She didn't look back. She was hurrying against time, hurrying toward a destination that obsessed her thoughts. I followed quietly enough, but I think I might have thundered like an elephant herd and still been unheard.
We passed a strange double-walled door with a warning of some sort lettered on it in red; then she swung into a side corridor where the passage was just wide enough for one. On either side were empty tiers of shelves waiting for suspendees. I speeded up to reach the corner before she could disappear.
But she wasn't hurrying now. She had come to a bay of shelves where a hundred or so bodies lay wrapped in their plastic sacks, each to his own shelf. Dropping to her knees, she began checking the tags on the cocoons at the lowest level.
She whispered something sharp and imploring. Then, straightening abruptly, she dropped the gas gun and took up the glittering thing in her other hand. Now I could see that it was a hypodermic kit in a crystal case. From it she took a little flask of purplish liquid and, fingers shaking, shoved the needle of the hypodermic into the plastic stopper of the vial.

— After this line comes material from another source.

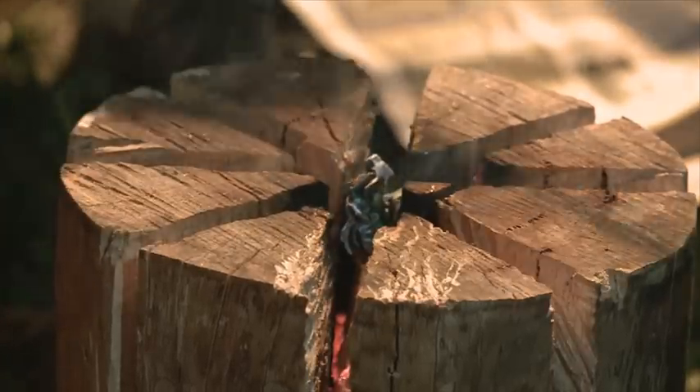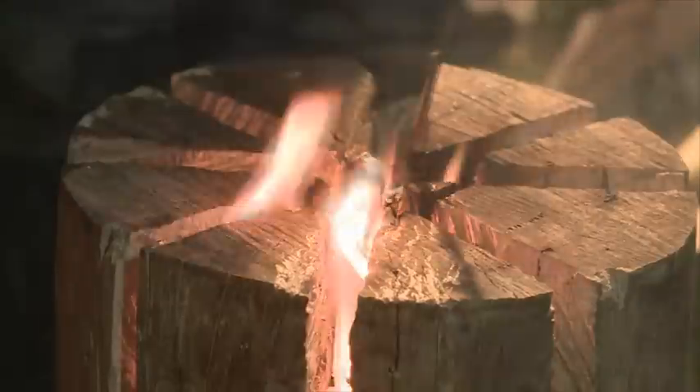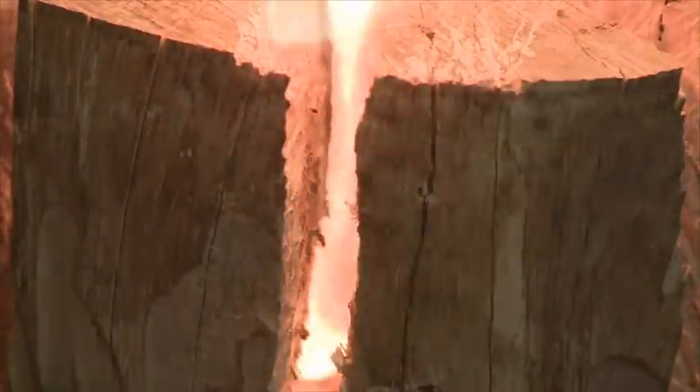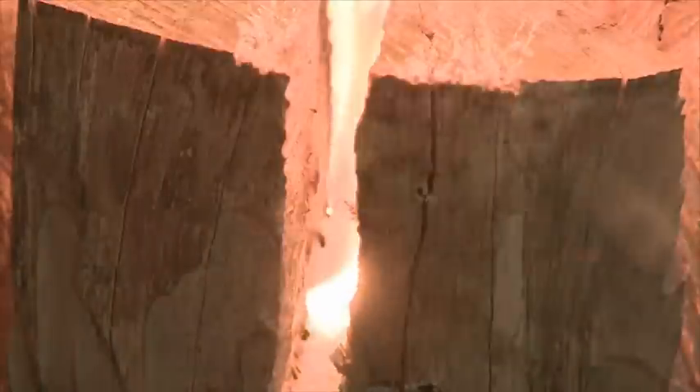You'll need a way to light it — either using some fire lighters and fuel, or you can make it a challenge and use kindling and matches. You'll find it easier to light if you put a fire lighter at the bottom of each cup.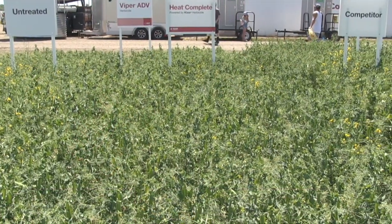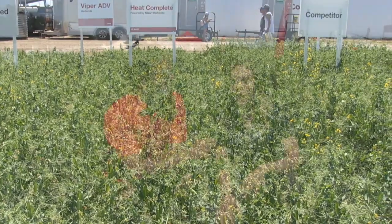What are we looking at in this plot? What does this plot show us? Here in this plot we really want to showcase complete weed control with pulses, specifically in peas — more just setting up for a successful pea crop. We know that peas are very, very poor weed competitors.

Moving closer, I said: "It won't work, Rena."
She jumped and swung to face me, holding the hypodermic like a stiletto. Seeing my face, she gasped and wavered.
I stepped by her and looked down at the tag on the cocooned figure. Benedetto dell'Angela, Napoli, it said, and then the long string of serial numbers that identified him.
It was what I had guessed.
"It won't work," I repeated. "Be smart about this, Rena. You can't revive him without killing him."
Rena half-closed her eyes. She whispered, "Would death be worse than this?"